:: Problem details ::
Every line from the start of the listing below through the line that contains "3 Bedroom spacious" is to be reproduced word for word.

═══ Supplied material

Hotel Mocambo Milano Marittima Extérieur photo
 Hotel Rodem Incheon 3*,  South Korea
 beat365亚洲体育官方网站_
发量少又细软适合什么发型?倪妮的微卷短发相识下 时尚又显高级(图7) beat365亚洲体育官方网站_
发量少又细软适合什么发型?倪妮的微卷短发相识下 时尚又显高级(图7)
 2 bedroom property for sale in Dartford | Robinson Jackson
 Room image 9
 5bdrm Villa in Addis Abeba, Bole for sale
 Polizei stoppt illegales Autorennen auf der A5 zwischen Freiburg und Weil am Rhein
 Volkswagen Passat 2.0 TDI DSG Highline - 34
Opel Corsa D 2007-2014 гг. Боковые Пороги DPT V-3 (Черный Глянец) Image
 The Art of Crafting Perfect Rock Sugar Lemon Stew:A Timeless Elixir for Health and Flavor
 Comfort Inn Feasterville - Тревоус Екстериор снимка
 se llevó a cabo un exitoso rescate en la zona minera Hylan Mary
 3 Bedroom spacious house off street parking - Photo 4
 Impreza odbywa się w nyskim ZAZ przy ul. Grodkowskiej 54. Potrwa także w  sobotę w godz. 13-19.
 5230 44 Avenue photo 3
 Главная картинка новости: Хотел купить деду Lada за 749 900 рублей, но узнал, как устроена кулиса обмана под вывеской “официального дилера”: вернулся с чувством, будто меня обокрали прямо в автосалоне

══════

:: Written answer ::
Hotel Mocambo Milano Marittima Extérieur photo
 Hotel Rodem Incheon 3*,  South Korea
 beat365亚洲体育官方网站_
发量少又细软适合什么发型?倪妮的微卷短发相识下 时尚又显高级(图7) beat365亚洲体育官方网站_
发量少又细软适合什么发型?倪妮的微卷短发相识下 时尚又显高级(图7)
 2 bedroom property for sale in Dartford | Robinson Jackson
 Room image 9
 5bdrm Villa in Addis Abeba, Bole for sale
 Polizei stoppt illegales Autorennen auf der A5 zwischen Freiburg und Weil am Rhein
 Volkswagen Passat 2.0 TDI DSG Highline - 34
Opel Corsa D 2007-2014 гг. Боковые Пороги DPT V-3 (Черный Глянец) Image
 The Art of Crafting Perfect Rock Sugar Lemon Stew:A Timeless Elixir for Health and Flavor
 Comfort Inn Feasterville - Тревоус Екстериор снимка
 se llevó a cabo un exitoso rescate en la zona minera Hylan Mary
 3 Bedroom spacious house off street parking - Photo 4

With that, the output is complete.